A Cornell University-led team has found that when robots are beating humans in contests for cash prizes, people consider themselves less competent and expend slightly less effort — and they tend to dislike the robots.
The study, “Monetary-Incentive Competition Between Humans and Robots: Experimental Results,” brought together behavioral economists and roboticists to explore, for the first time, how a robot’s performance affects humans’ behavior and reactions when they’re competing against each other simultaneously.
Their findings validated behavioral economists’ theories about loss aversion, which predicts that people won’t try as hard when their competitors are doing better, and suggests how workplaces might optimize teams of people and robots working together.
“Humans and machines already share many workplaces, sometimes working on similar or even identical tasks,” said Guy Hoffman, assistant professor in the Sibley School of Mechanical and Aerospace Engineering. Hoffman and Ori Heffetz, associate professor of economics in the Samuel Curtis Johnson Graduate School of Management, are senior authors of the study.
“Think about a cashier working side-by-side with an automatic check-out machine, or someone operating a forklift in a warehouse which also employs delivery robots driving right next to them,” Hoffman said. “While it may be tempting to design such robots for optimal productivity, engineers and managers need to take into consideration how the robots’ performance may affect the human workers’ effort and attitudes toward the robot and even toward themselves. Our research is the first that specifically sheds light on these effects.”
Alap Kshirsagar, a doctoral student in mechanical engineering, is the paper’s first author. In the study, humans competed against a robot in a tedious task — counting the number of times the letter G appears in a string of characters, and then placing a block in the bin corresponding to the number of occurrences.
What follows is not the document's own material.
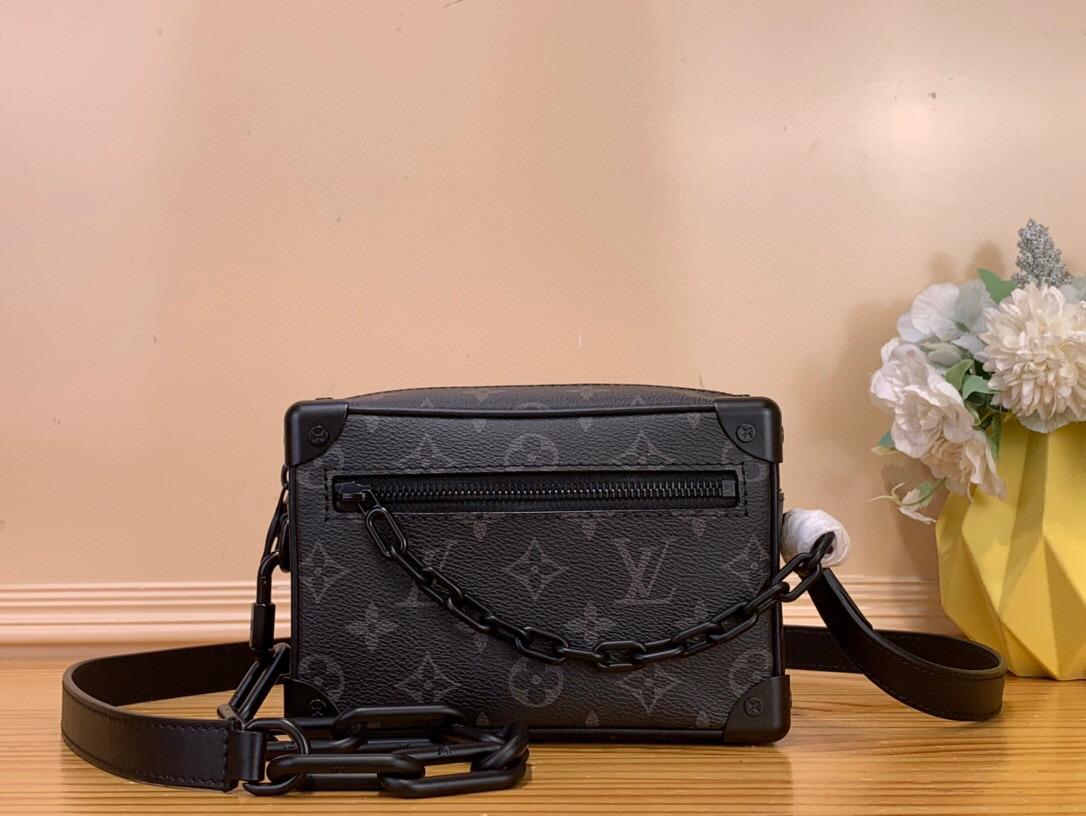 NO:575142,Top original order [MALLE MINI SOFT handbag] M44735 M44480 grams flower Mallle Mini Soft is characterized by the contrast between its Monogram pattern and the resin chain. This avant-garde accessory is known for its square and elegant shape. The adjustable resin chain allows this bag to be carried on the shoulder or held in the hand like a hand. Dimensions 18.5x13x8 (cm) 5816066,19860909顶级原单【MALLE MINI SOFT手袋】 M44735 M44480克花 Mallle Mini Soft的特点是其Monogram图案与树脂链之间的对比.这款前卫的配饰以其方形和优雅的造型,可调节的树脂链条可以将这个包放在肩上或像手一样用手拿着. 尺寸18.5x13x8（cm） 5816066,,Bag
The person’s chance of winning each round was determined by a lottery based on the difference between the human’s and robot’s scores: If their scores were the same, the human had a 50 percent chance of winning the prize, and that likelihood rose or fell depending which participant was doing better.
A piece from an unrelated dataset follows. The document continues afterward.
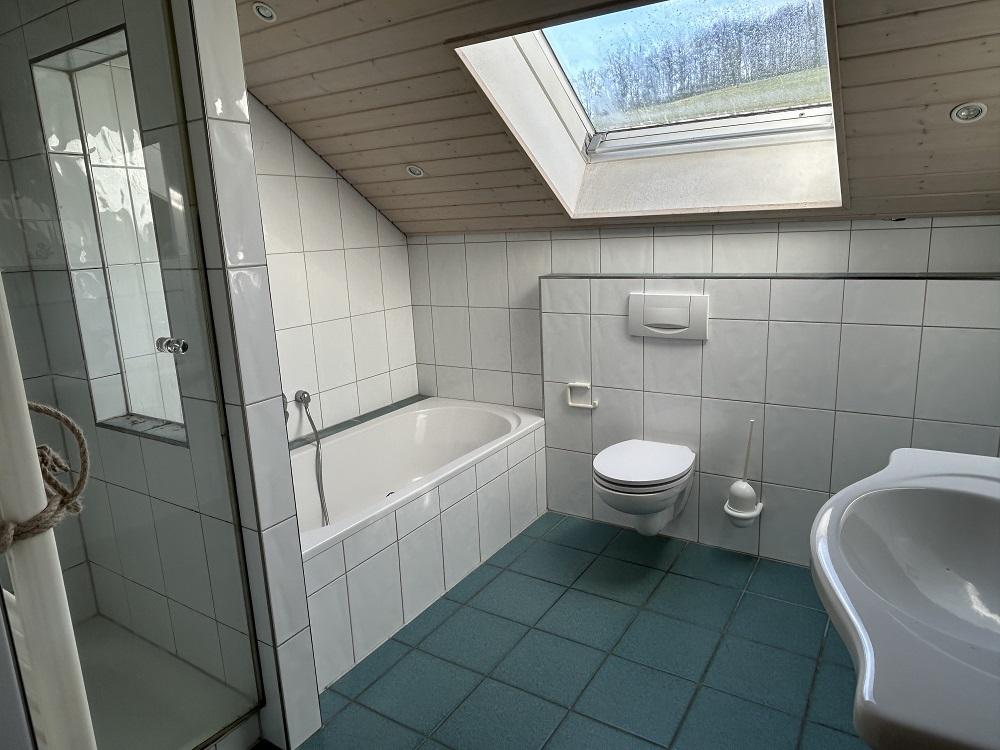 Wannen- und Duschbad DG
To make sure competitors were aware of the stakes, the screen indicated their chance of winning at each moment.
After each round, participants filled out a questionnaire rating the robot’s competence, their own competence and the robot’s likability. The researchers found that as the robot performed better, people rated its competence higher, its likability lower and their own competence lower.
The research was partly supported by the Israel Science Foundation.